Tuesday, April 14, 2015

The OpenGL Impedance Mismatch

As graphics hardware has changed from a fixed function graphics pipeline to a general purpose parallel computing architecture, mid-level graphic APIs like OpenGL don't fit the execution model of the actual hardware as well as they used to.

In my previous post, I said that the execution of GL state change is deferred so that the driver can figure out what you'r really trying to do and efficiently change all state at once.

This has been true for a while. For example, older fixed function and partly programmable GPUs might have one set of register state to control the entire fixed-function raster operations.  Here's the R300 (e.g. the Radeon 9700).
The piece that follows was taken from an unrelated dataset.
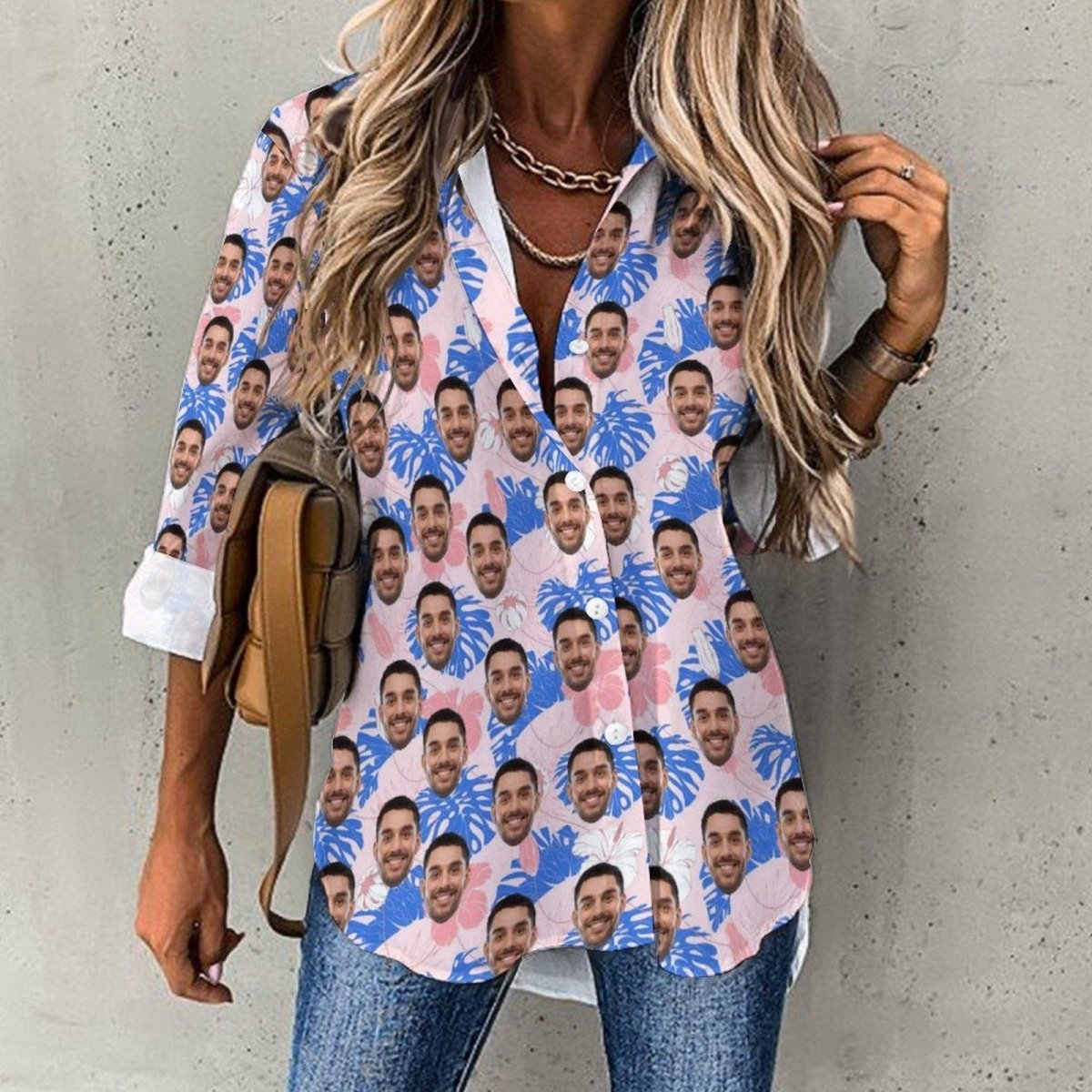 Custom Custom Face Hawaiian Shirts Pink Blue Flower Women's Cropped Hem Casual Long Sleeve Shirt - YesCustom
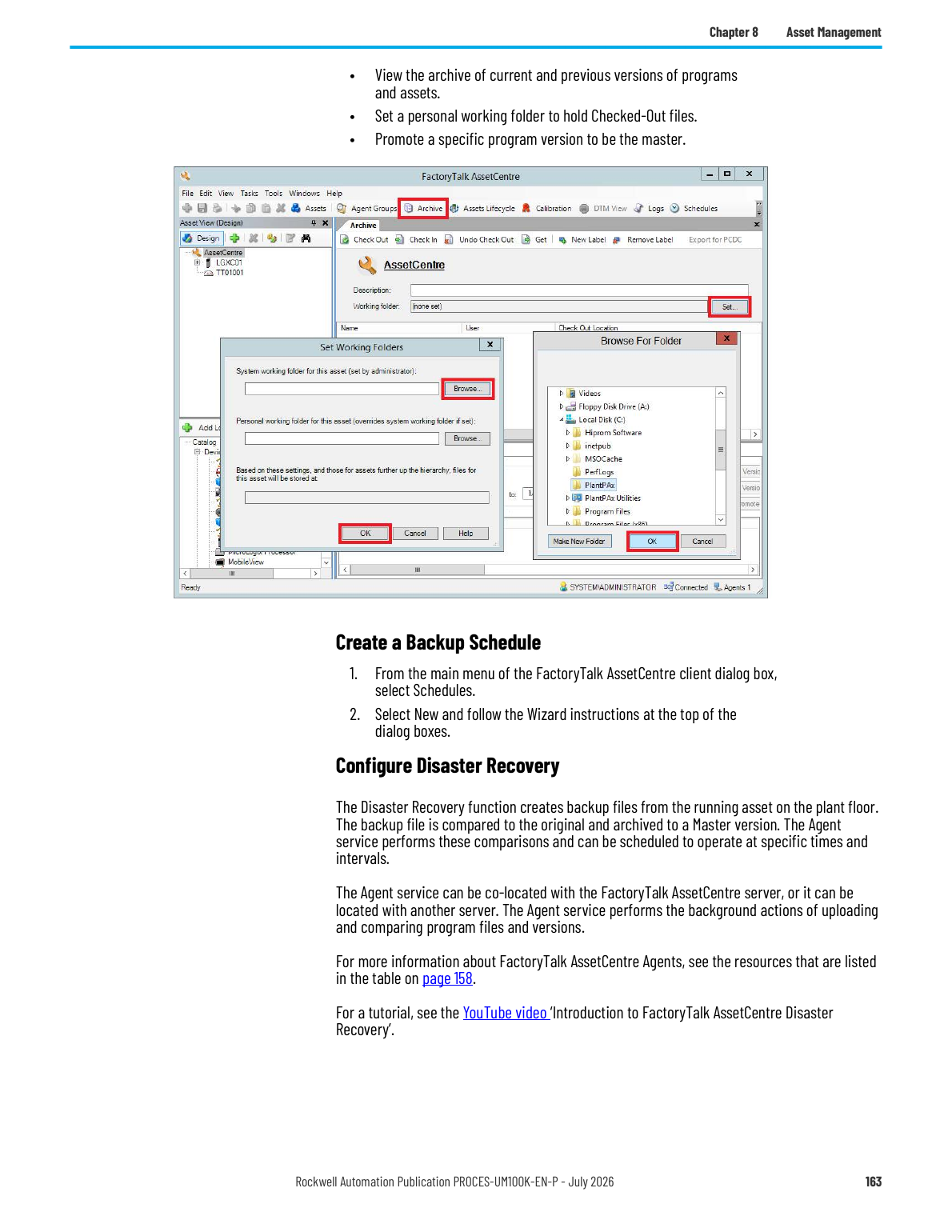Harmonogram kopii w FactoryTalk AssetCentre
  • The blend function and sources share a single register, but
  • The alpha and RGB blend function/sources are in different registers (meaning a single glBlendFuncSeparate partly updates both).
  • Alpha-blend enable shares a register with the flag to separate the blender functions. (Why the hardware doesn't just always run separate and let the driver update both sides of the blender is a mystery to me.)
  • Some GL state actually matches the register (e.g. the clear color is its own register).
So the match-up between imaginary ideal GL pipeline and the hardware isn't perfect. But in the end, the fit is actually pretty good:

  • Fixed function tricks like blending and stenciling are enabled by setting registers on the GPU.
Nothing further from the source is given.